2. Proposal of a More Powerful Baseline Detection Algorithm: To address the performance bottlenecks in existing multi-fruit and vegetable recognition detection algorithms, this paper proposes an end-to-end real-time detection algorithm based on Transformer, called FVRT-DETR. The algorithm consists of three main components—the backbone, encoder, and decoder modules—aiming to enhance the fusion and decoding efficiency of multi-scale features. Firstly, we leveraged the advantages of the Mamba structure [11,12] to build the backbone module. Mamba, by introducing the structured self-modulation (SSM) mechanism, effectively enhances the model’s ability to capture long-range dependencies, thereby improving feature extraction and representation capabilities in complex scenarios. Secondly, we designed a multi-scale deep feature fusion encoder (MDFF encoder) module to enhance the integration of features across different scales. This module processes input images from multiple resolutions and improves the perception of fruit and vegetable variations and scales by integrating hierarchical features. Finally, based on RT-DETR, we decode the features from five different scales output by the encoder.

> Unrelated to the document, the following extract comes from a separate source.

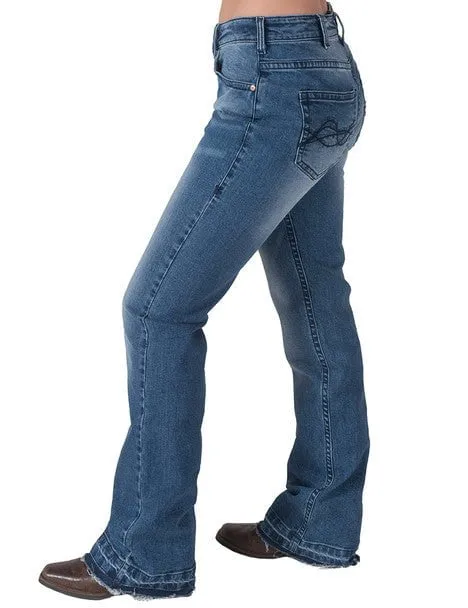 Cowgirl Tuff Womens Loosen Up Medium Wash Cotton Blend Jeans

The contributions of this paper are summarized as follows:

Introduction of the FV40 Dataset: We develope a fine-grained fruit and vegetable object detection dataset. The initial version contains over 14,000 images and 100,000 annotated bounding boxes, covering 40 distinct fruit and vegetable categories. The dataset is continuously being expanded and updated.
Development of the FVRT-DETR Algorithm: We propose the first algorithm for fast and accurate detection of multiple fruit and vegetable types, called FVRT-DETR. This algorithm innovatively uses Mamba as the backbone and introduces a novel multi-scale deep feature fusion encoder (MDFF encoder) module, which effectively enhances the model’s performance in handling multi-scale features while reducing parameters, improving detection accuracy for fruits and vegetables of various sizes and variations.
Improved Multi-Scale Feature Handling: To address the challenge of multi-scale fruit and vegetable detection, we propose an efficient feature fusion method within the MDFF encoder module that better integrates multi-scale feature maps, thus enhancing the detection capabilities across 40 different fruit and vegetable categories with varying sizes.
Scalable and Highly Adaptable Model: Unlike previous models tailored to a single type of fruit or vegetable, FVRT-DETR is designed to be scalable and highly adaptable, capable of accurately detecting a wide variety of fruit and vegetable types. This allows it to handle the diversity of produce in real-world agricultural scenarios, making it a highly versatile solution in the industry.

2. Related Work

Fruit and Vegetable Detection Algorithm

Fruit and vegetable detection [13,14,15,16,17] has always been a core application in the field of object detection. With the increasing demand, its applications in agriculture, the food industry, and automation have become more widespread. The variety, shape, color, size, and other characteristics of fruits vary greatly and are often set against complex backgrounds, which makes fruit and vegetable detection a challenging task. Over the past few decades, fruit and vegetable detection algorithms have undergone significant transformations, evolving from traditional feature-based methods to modern deep learning approaches. This evolution has effectively driven the development of the field.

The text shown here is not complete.